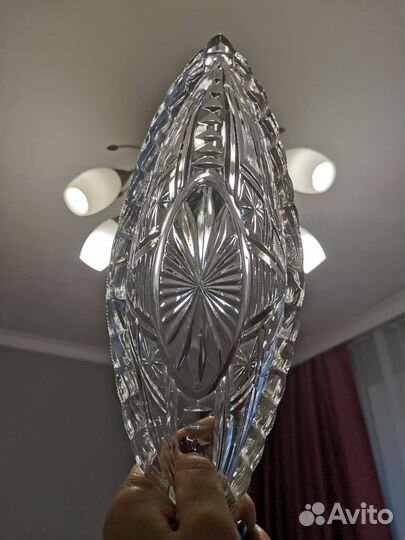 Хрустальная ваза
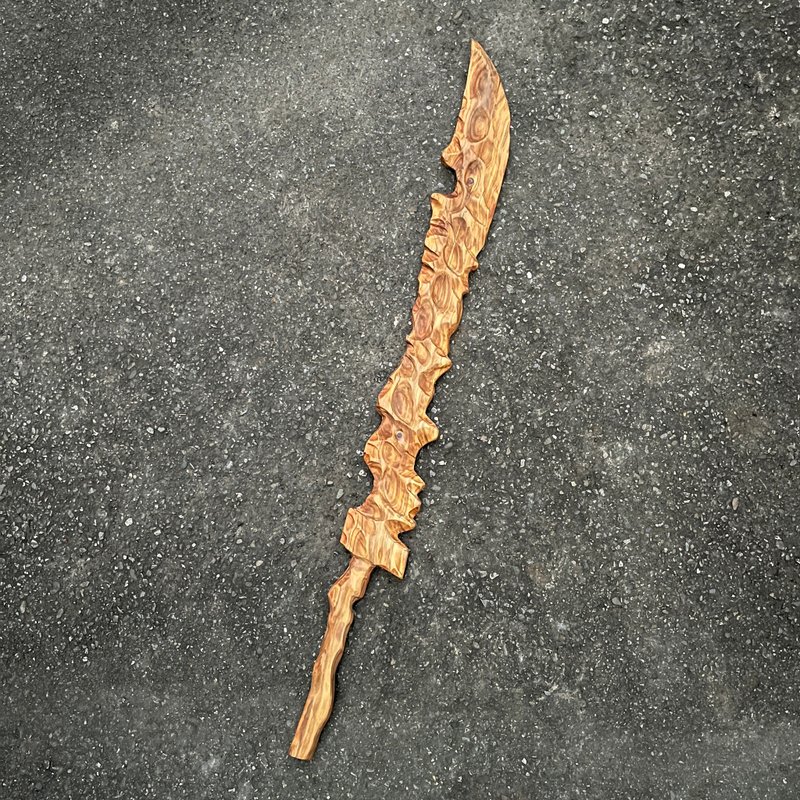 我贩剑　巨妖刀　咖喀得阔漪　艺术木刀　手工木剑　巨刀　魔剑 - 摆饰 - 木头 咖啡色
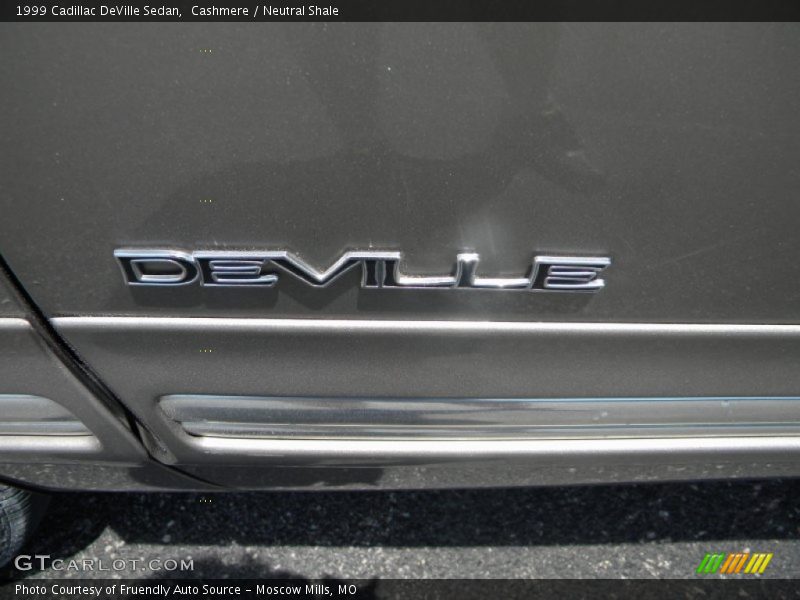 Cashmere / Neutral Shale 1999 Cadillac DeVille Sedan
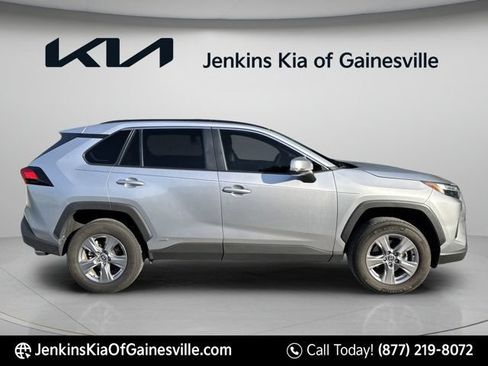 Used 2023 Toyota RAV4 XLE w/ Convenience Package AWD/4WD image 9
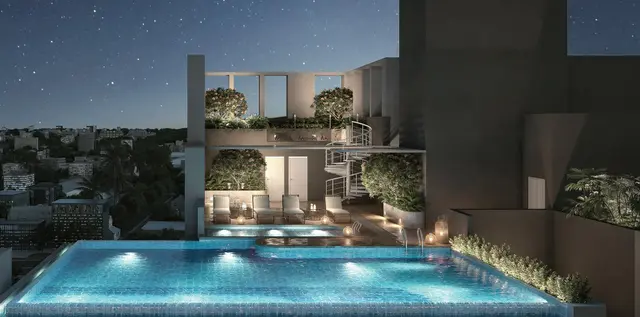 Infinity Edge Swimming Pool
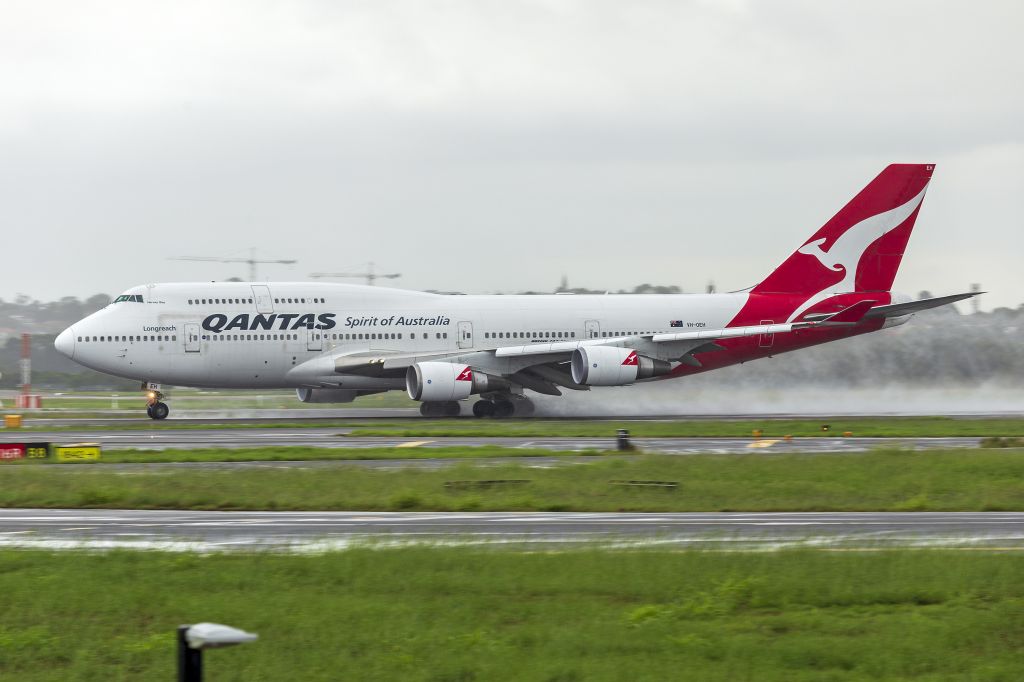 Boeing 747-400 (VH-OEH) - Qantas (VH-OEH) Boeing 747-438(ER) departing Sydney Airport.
-------
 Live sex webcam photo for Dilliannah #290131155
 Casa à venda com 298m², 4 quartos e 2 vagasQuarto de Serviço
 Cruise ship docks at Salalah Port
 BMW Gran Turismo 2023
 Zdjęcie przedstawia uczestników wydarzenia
-------
→ Task objective
Using the entries above, give back exactly the line containing "Casa à venda", the line containing "Zdjęcie przedstawia uczestników wydarzenia", and every line between them, and nothing else.

→ Reply
 Casa à venda com 298m², 4 quartos e 2 vagasQuarto de Serviço
 Cruise ship docks at Salalah Port
 BMW Gran Turismo 2023
 Zdjęcie przedstawia uczestników wydarzenia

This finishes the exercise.